Procure_Health - Hospital Cost Estimation and Suggestion

Inspiration

India processes over 50 million hospitalizations every year, yet the average patient walks into a hospital with almost no idea what it will cost. In Tier 2 cities like Indore, Bhopal, Nagpur, and Lucknow where nearly 65% of India's population lives this problem is dramatically worse. Less than 18% of Indians have any form of health insurance, and of those who do, fewer than half understand what their policy actually covers or which hospitals are empanelled under it.

When a medical emergency strikes, a family faces a cascade of unanswered questions simultaneously: Which hospital should we go to? How far is it? What do other patients say about it? Will our insurance work there? If we take a loan, how much do we actually need too much means paying extra interest for years, too little means paying out of pocket at the worst possible moment. What will the surgery actually cost at this specific hospital, in this city, in this tier? Does the doctor here have good outcomes for this condition?

These are not luxury questions. They are survival questions. And today, no single tool answers them together.

We also recognized a parallel problem on the lender side. Medical loan approvals at NBFCs like Poonawalla Fincorp are often delayed or mispriced because the loan officer has no reliable procedure level cost benchmark. They rely on rough estimates, patient provided bills, or broad city averages none of which account for hospital tier, room type, comorbidities, or NPPA regulated implant costs. This leads to under sanctioned loans that leave patients scrambling, or over sanctioned amounts that increase NPA risk.

Precure_ was built to solve both sides of this problem at once giving patients clarity and giving lenders confidence.

What it does

Precure_ is an AI powered healthcare cost navigator and hospital recommendation engine, accessible as a conversational agent on the Prompt Opinion platform.

For patients:

When a user describes their situation "my father needs knee replacement in Delhi, we have a 4 lakh insurance policy" the system immediately calculates a fully itemized cost estimate broken into two buckets: variable costs (surgery package, room charges, ICU, medications) and fixed/capped costs (NPPA regulated implants and technology fees). It tells them exactly what their insurance covers, what the out of pocket gap is, and whether a medical loan is needed and if so, precisely how much to borrow.

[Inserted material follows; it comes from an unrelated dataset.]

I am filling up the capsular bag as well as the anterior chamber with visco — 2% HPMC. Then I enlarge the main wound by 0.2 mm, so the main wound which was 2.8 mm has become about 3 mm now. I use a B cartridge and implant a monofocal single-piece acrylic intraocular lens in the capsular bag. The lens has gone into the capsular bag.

It then suggests the top hospitals for that procedure in their city, ranked not just by Google rating but by a multi factor algorithm combining real patient review sentiment (using VADER NLP), specialty focus, accreditation status, doctor reputation from patient reviews, and geographic proximity. Users see which doctors at those hospitals are specifically praised for that specialty, what past patients said, and what to watch out for.

For patients anxious about a procedure, the system walks them through the complete clinical pathway from pre operative preparation and tests, through surgery day, ICU, ward recovery, and discharge timeline in plain language.

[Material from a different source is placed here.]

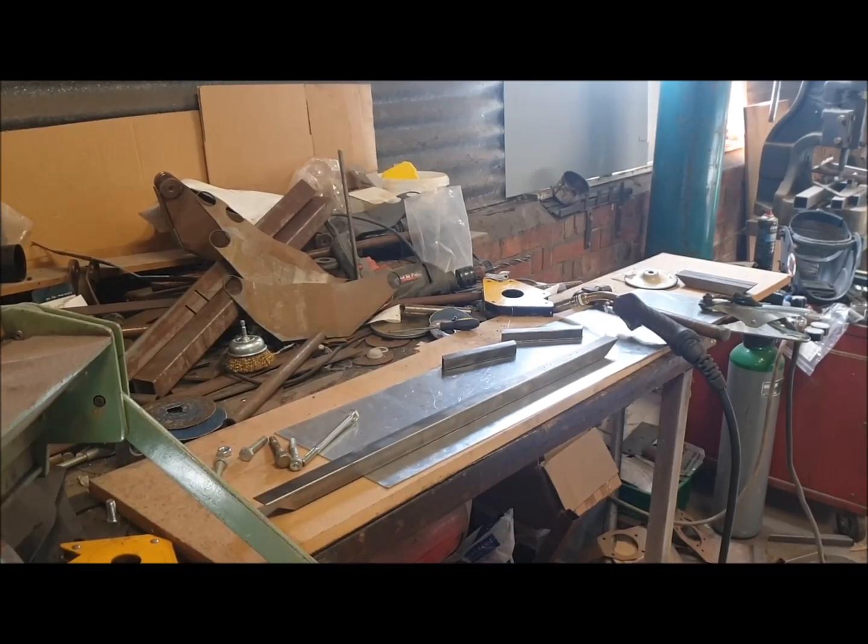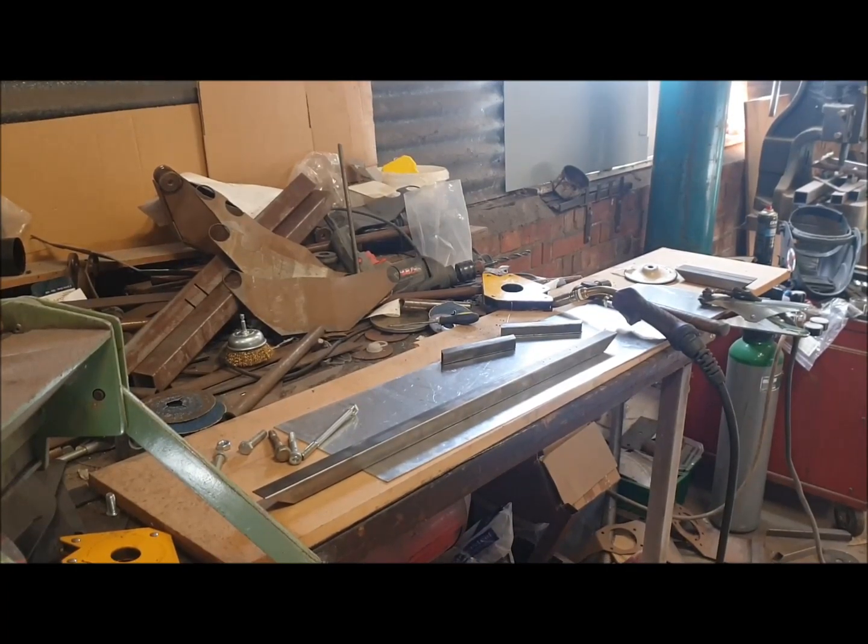Hi everyone, welcome to part 5 of this series of videos on building our GT40 replica chassis from the tube kit — the laser cut tube kit that we do, which you can find on our website.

For users who describe symptoms rather than a procedure, the system identifies the right specialist to consult, explains urgency level, lists tests likely to be ordered, and flags red signs that require emergency care.

All of this works across 9 cities, 6 hospital tiers, over 2,300 hospitals, 12 surgical procedures with sub variants, and 12 diagnostic categories in English and Hinglish.

For lenders:

Every cost estimate includes a structured breakdown that a loan officer can use directly for sanction decisions procedure type, sub procedure variant, hospital tier, city adjustment factor, comorbidity loading, NPPA implant cost, and a recommended loan amount with a 10% contingency buffer. No guesswork. No broad averages. A per case capital requirement with full transparency.

How we built it

Step 1 City and hospital scope definition We started by defining scope: 9 cities across 3 tiers metro (Delhi, Mumbai, Bangalore), Tier 2 (Jaipur, Lucknow, Nagpur, Bhopal), and emerging (Dehradun, Indore). This ensured coverage of high end, mid market, and cost sensitive patient profiles.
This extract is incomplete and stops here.